O plano da UE, anunciado na semana passada, deixou em aberto a questão mais importante: de onde virão os recursos necessários para resgatar as economias atoladas em dívidas. O objetivo, declarado oficialmente, é atrair a China, emergente com maior poder de fogo para socorrer a Europa. Cannes será o palco para a intrincada tarefa de costura de um eventual auxílio. É óbvio que, para colocar a mão no bolso, as nações em desenvolvimento buscarão contrapartidas.
No plano europeu, a possibilidade de socorro externo aparece na forma do fortalecimento do mecanismo de resgate (EFSF, na sigla em inglês) por meio de “cooperação ainda mais próxima com o FMI” e da criação de uma sociedade de propósito específico para a compra de títulos da zona do euro com recursos públicos e privados.
Resta saber qual caminho atrairá os emergentes. Na reunião preparatória realizada há duas semanas, em Paris, o ministro da Fazenda, Guido Mantega, propôs ajuda por meio do FMI, o que poderia resultar em aumento das cotas futuramente, mas acabou esbarrando na resistência dos Estados Unidos e da Alemanha. Ele sugeriu o uso de acordos de créditos bilaterais para fortalecer o fundo, que atualmente tem US$ 400 bilhões, valor considerado insuficiente.
“O G-20 poderia ser uma plataforma perfeita para o anúncio de uma sociedade de propósito específico liderada pelo FMI, com contribuições dos países que possuem superávits”, avalia Chris Turner, estrategista-chefe de câmbio do ING. “É uma estimativa, mas uma SPE com poder de compra entre 300 bilhões de euros e 500 bilhões de euros seria bem recebida pelos mercados.”

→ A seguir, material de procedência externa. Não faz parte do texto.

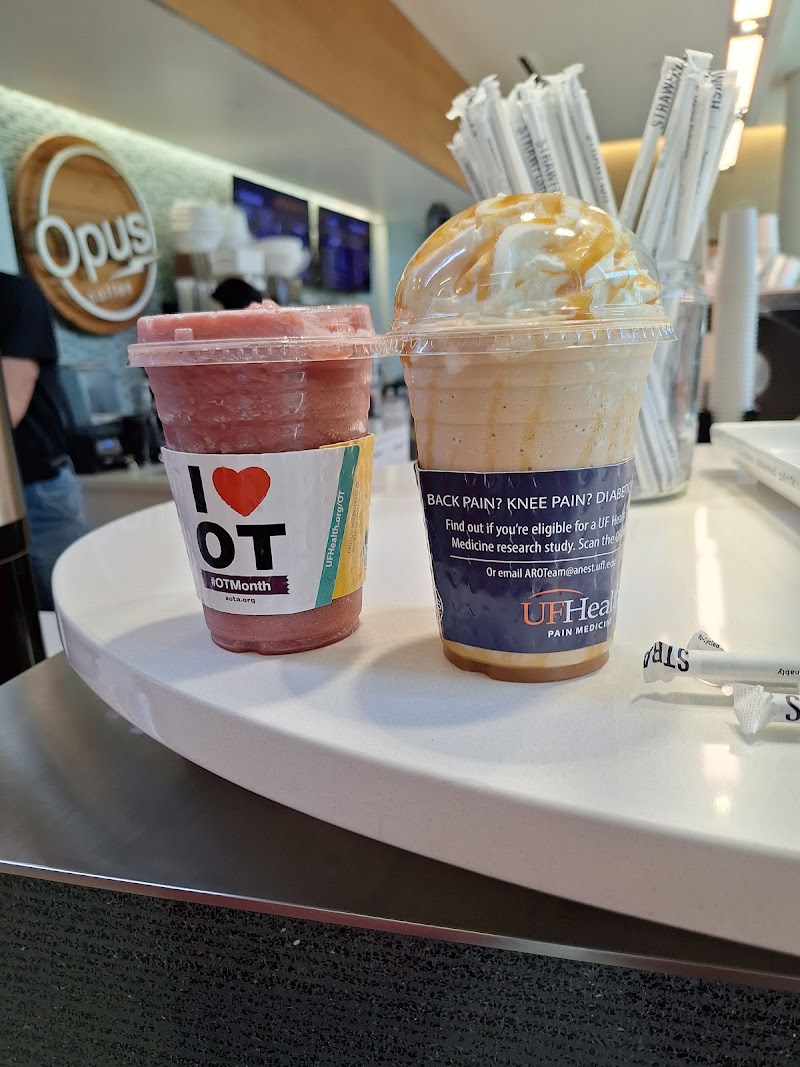 Opus Coffee - UF Health East Tower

O Brasil também apoia a sugestão da França de realizar uma nova emissão de direitos especiais de saque (SDR, na sigla em inglês), a “cesta de moeda do FMI”, como foi feito em 2009, na operação de US$ 250 bilhões para fortalecer as reservas do fundo. O G-20 está discutindo ainda a ampliação do número de moedas que formam a cesta, hoje limitadas ao dólar, euro, libra e iene.
Os emergentes tiveram participação fundamental no reforço obtido pelo FMI a partir da cúpula de Londres, principalmente a China, que entrou com US$ 50 bilhões – o Brasil se comprometeu com US$ 14 bilhões, mas ainda não chegou a desembolsar nem US$ 10 bilhões porque não foi preciso.
A disposição dos emergentes de ajudar desta vez estaria condicionada às medidas europeias para a solução da crise. Acontece que o pacote de resgate veio vago e sem detalhes. Para complicar, o primeiro-ministro da Grécia, George Papandreou, anunciou a realização de um referendo sobre o novo acordo de ajuda financeira ao país, embolando totalmente o plano em andamento e abrindo incertezas adicionais sobre o futuro da união monetária.
Tanto que o presidente da França, Nicolas Sarkozy, na liderança do G-20, e a chanceler alemã, Angela Merkel, se reunirão hoje em Cannes, antes do início da cúpula, para tratar novamente de Grécia. “Se o G-20 não conseguir sucesso, será uma derrota pessoal para Sarkozy”, disse Richard Lambert, ex-presidente da Confederação da Indústria Britânica.